Image-caption web data:
+++
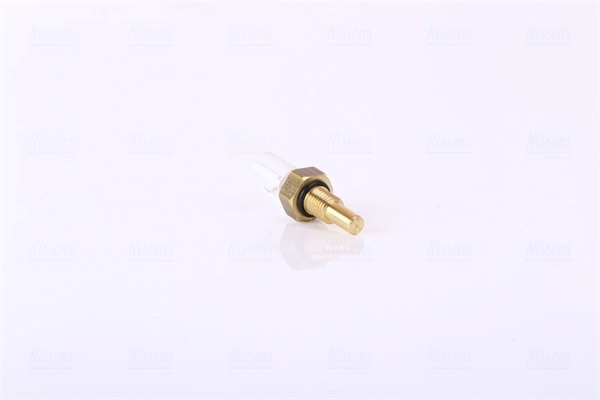 Sensor de temperatura  Nissens 207071 precio, desde 6,53 EUR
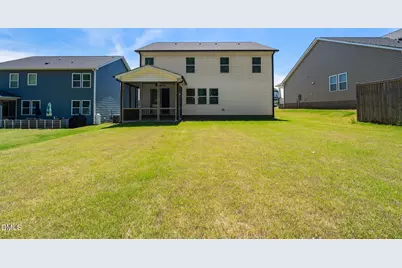 104 Hoyne Way, Garner, NC 27529 - Photo 56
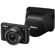Nikon S1: Picture 3 thumbnail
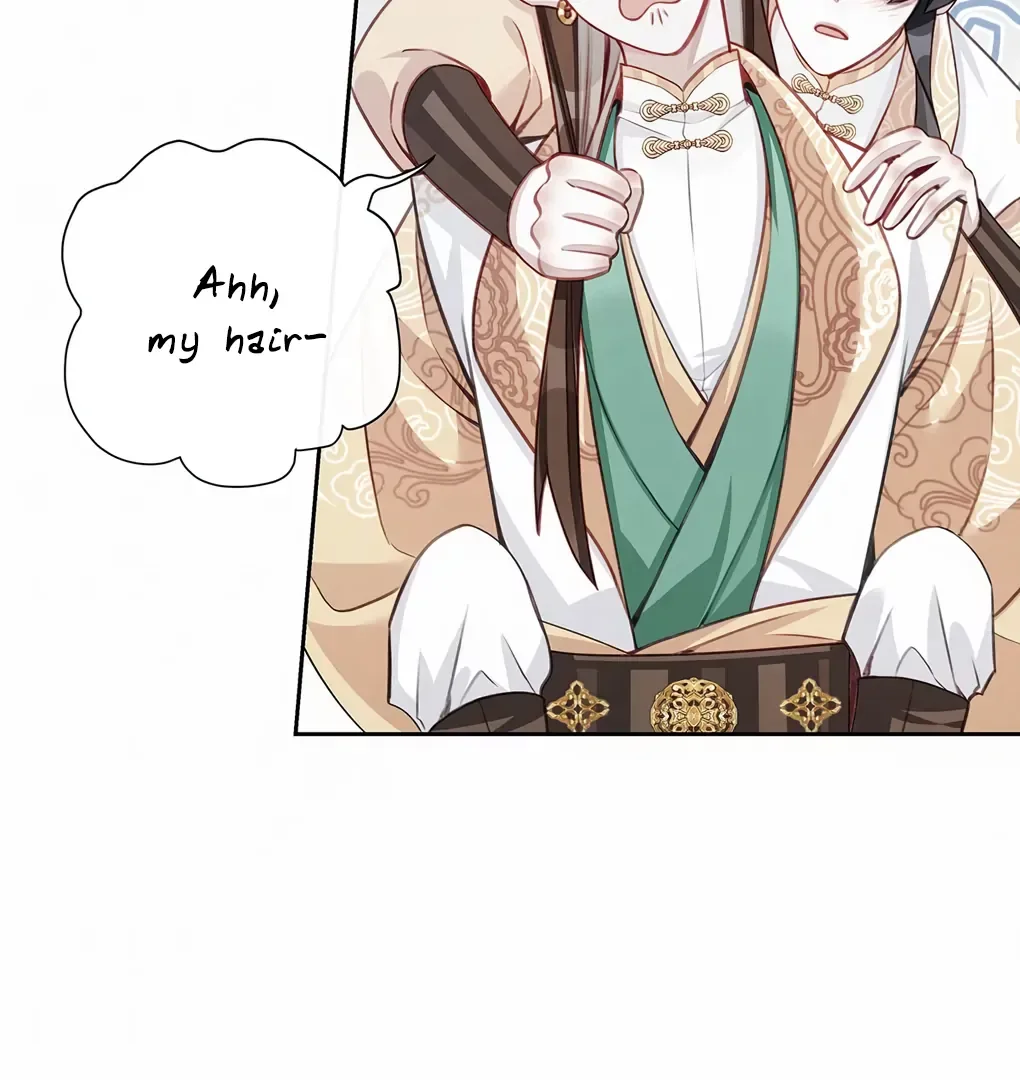 Was His Highness Assassinated Today? Chapter 9 page 53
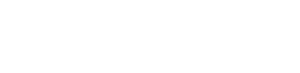 Paypal Logo white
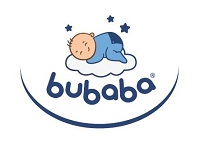 Bubaba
+++
• TASK: Every line of the data above is to be repeated exactly; the images are to be left out.

• SOLUTION FOR THIS TASK:
 Sensor de temperatura  Nissens 207071 precio, desde 6,53 EUR
 104 Hoyne Way, Garner, NC 27529 - Photo 56
Nikon S1: Picture 3 thumbnail
 Was His Highness Assassinated Today? Chapter 9 page 53
 Paypal Logo white
 Bubaba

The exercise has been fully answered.